• SUPPLIED ENTRIES
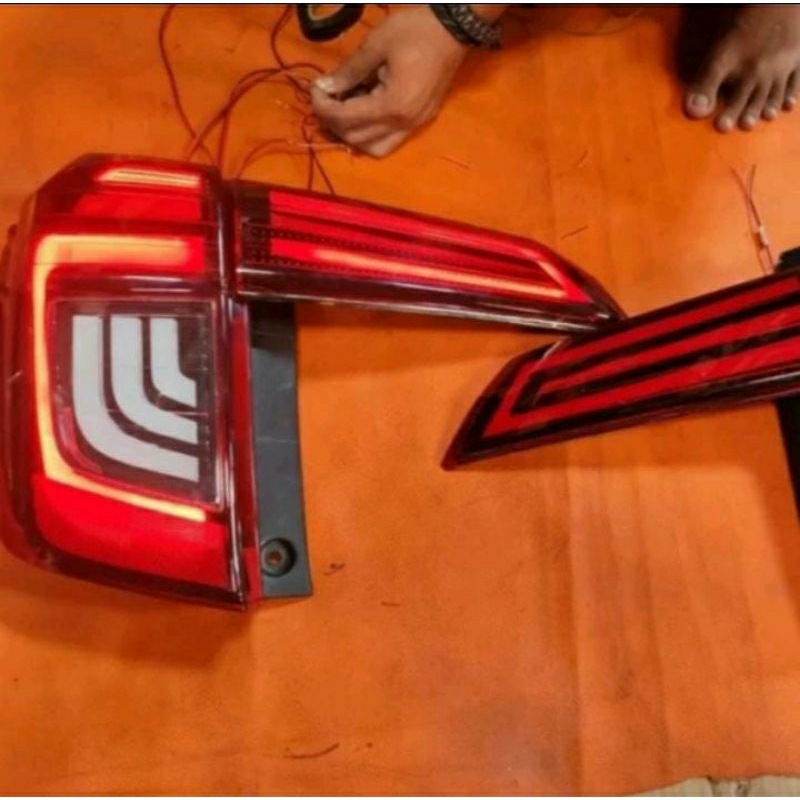 Stoplamp CALYA SIGRA full custom 3D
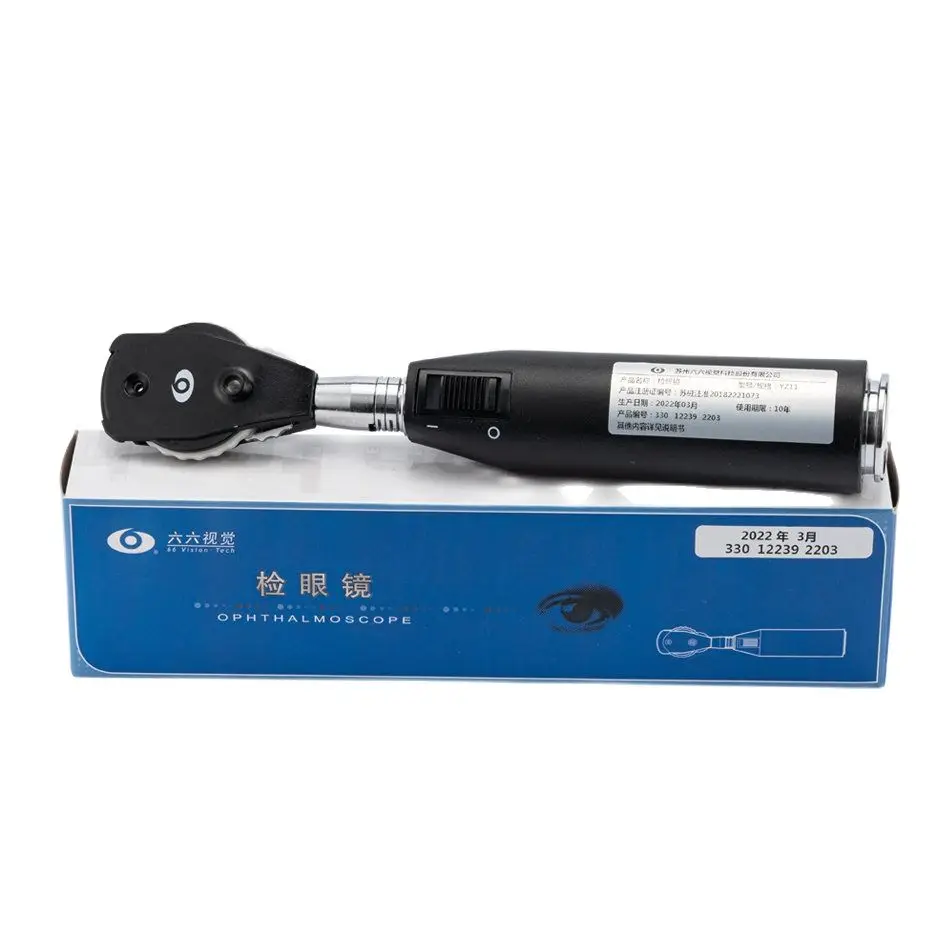 Professional Optical Ophthalmology Instrument Examination Portable Eye Diagnostic Kit Ophthalmic Medical Direct Ophthalmoscope
Professional Optical Ophthalmology Instrument Examination Portable Eye Diagnostic Kit Ophthalmic Medical Direct Ophthalmoscope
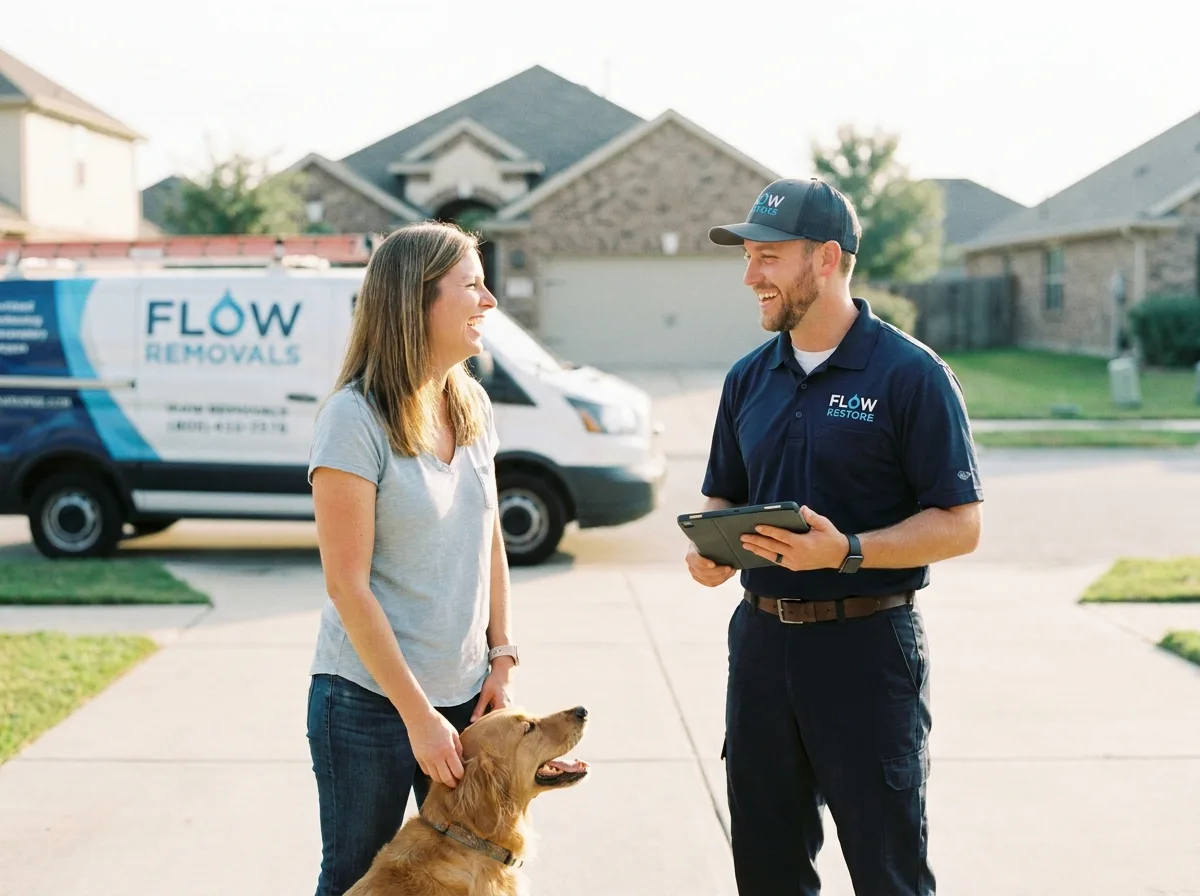 Water Removal Tallahassee, FL FAQs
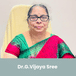 Vivek Vardhini School of Business Management, Principal: Dr.G.Vijaya Sree Interview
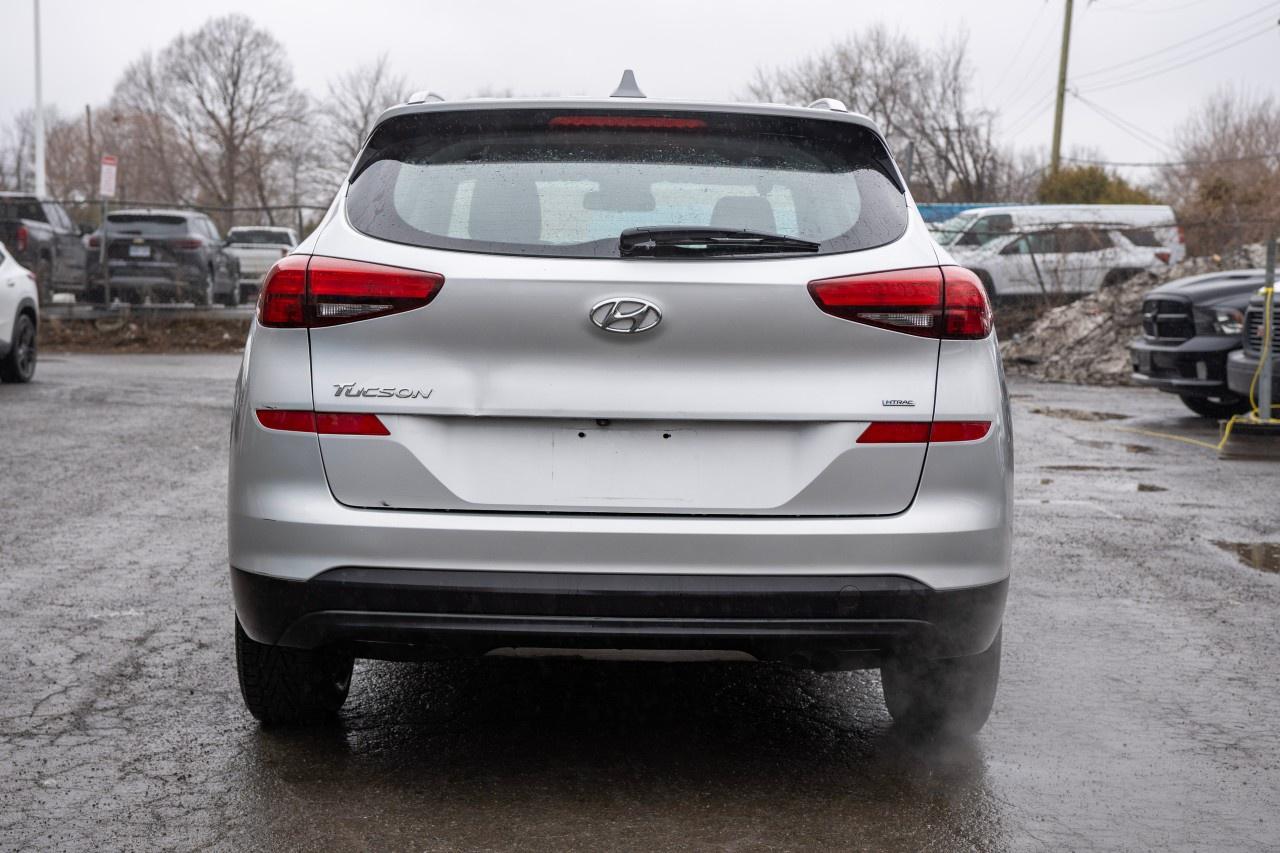 2019 Hyundai Tucson Preferred AWD Photo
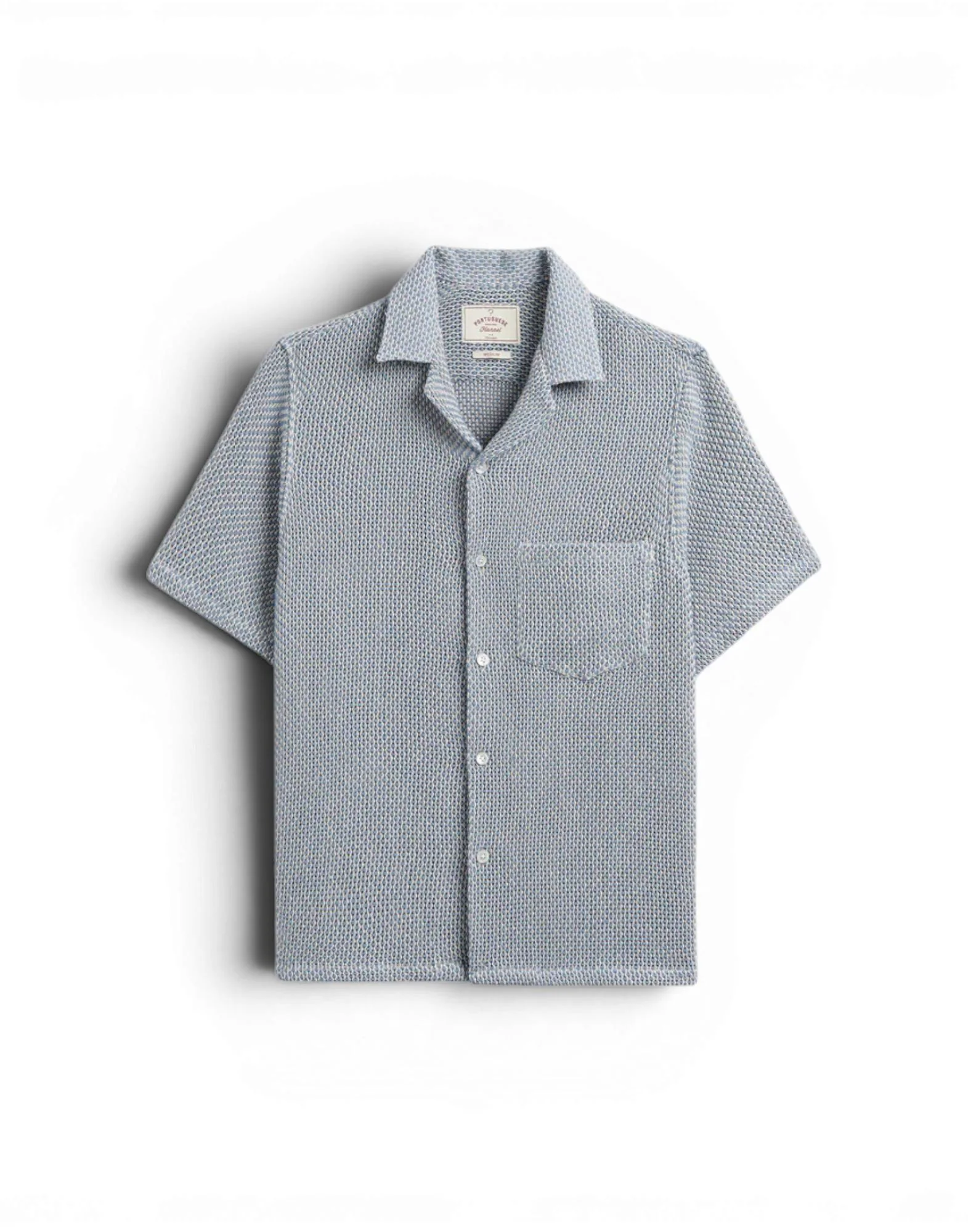 Portuguese Flannel agora shirt Uomo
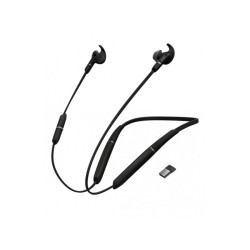 Jabra Ecouteurs intra-auriculaires bluetooth Evolve 65e noir - 6599-629-109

• TASK INSTRUCTIONS
Repeat the lines from the line containing "Vivek Vardhini School" through the end of the material above exactly, with no pictures and nothing else.

• TASK RESULT
 Vivek Vardhini School of Business Management, Principal: Dr.G.Vijaya Sree Interview
 2019 Hyundai Tucson Preferred AWD Photo
 Portuguese Flannel agora shirt Uomo
 Jabra Ecouteurs intra-auriculaires bluetooth Evolve 65e noir - 6599-629-109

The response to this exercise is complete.